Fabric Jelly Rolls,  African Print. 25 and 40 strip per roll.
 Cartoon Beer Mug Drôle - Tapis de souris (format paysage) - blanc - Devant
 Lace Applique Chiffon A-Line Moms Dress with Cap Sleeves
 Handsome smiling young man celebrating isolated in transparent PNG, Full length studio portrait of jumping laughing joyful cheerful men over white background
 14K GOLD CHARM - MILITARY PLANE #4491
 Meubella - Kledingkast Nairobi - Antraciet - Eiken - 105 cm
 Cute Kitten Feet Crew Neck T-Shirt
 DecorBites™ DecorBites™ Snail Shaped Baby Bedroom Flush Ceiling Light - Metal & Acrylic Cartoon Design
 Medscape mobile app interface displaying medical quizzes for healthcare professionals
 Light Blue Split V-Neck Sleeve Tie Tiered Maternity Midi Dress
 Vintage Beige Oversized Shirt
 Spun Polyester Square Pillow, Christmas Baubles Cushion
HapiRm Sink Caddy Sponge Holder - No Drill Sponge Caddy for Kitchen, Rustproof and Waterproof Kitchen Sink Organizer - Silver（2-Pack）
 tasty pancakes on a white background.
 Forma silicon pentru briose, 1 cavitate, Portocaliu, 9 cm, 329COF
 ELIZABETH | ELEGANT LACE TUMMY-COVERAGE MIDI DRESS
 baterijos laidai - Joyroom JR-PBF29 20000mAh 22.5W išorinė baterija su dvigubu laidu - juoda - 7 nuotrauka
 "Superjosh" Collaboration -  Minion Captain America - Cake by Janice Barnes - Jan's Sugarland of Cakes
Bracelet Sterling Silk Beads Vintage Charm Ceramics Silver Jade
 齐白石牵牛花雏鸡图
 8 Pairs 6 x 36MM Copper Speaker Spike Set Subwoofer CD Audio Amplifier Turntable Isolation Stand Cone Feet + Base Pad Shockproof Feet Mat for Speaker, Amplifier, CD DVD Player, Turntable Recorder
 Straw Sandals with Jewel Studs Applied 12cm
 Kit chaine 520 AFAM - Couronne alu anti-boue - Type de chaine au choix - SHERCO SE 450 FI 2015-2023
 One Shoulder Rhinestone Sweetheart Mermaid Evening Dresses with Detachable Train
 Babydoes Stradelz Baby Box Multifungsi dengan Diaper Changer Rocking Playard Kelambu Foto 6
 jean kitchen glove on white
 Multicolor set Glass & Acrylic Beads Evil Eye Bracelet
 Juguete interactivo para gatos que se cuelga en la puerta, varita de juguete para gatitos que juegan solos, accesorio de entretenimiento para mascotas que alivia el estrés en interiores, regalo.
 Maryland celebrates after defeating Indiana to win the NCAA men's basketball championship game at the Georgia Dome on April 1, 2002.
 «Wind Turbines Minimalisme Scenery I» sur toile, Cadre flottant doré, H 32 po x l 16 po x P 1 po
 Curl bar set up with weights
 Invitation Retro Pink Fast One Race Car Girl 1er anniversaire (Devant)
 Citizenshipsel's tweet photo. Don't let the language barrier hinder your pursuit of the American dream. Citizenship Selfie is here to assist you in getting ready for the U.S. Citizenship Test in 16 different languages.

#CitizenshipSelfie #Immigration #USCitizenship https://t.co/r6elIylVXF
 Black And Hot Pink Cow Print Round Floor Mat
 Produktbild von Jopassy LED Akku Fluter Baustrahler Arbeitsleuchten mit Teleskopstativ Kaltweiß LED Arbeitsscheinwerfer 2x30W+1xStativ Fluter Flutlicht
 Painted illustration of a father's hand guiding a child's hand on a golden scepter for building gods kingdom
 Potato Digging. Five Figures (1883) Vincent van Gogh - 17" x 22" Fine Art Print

• _About this exercise_: Above are records; repeat only the lines starting at the line with "Kit chaine 520" and ending at the line with "Juguete interactivo para", exactly as they appear, both included.

• _Answer to the problem_:
 Kit chaine 520 AFAM - Couronne alu anti-boue - Type de chaine au choix - SHERCO SE 450 FI 2015-2023
 One Shoulder Rhinestone Sweetheart Mermaid Evening Dresses with Detachable Train
 Babydoes Stradelz Baby Box Multifungsi dengan Diaper Changer Rocking Playard Kelambu Foto 6
 jean kitchen glove on white
 Multicolor set Glass & Acrylic Beads Evil Eye Bracelet
 Juguete interactivo para gatos que se cuelga en la puerta, varita de juguete para gatitos que juegan solos, accesorio de entretenimiento para mascotas que alivia el estrés en interiores, regalo.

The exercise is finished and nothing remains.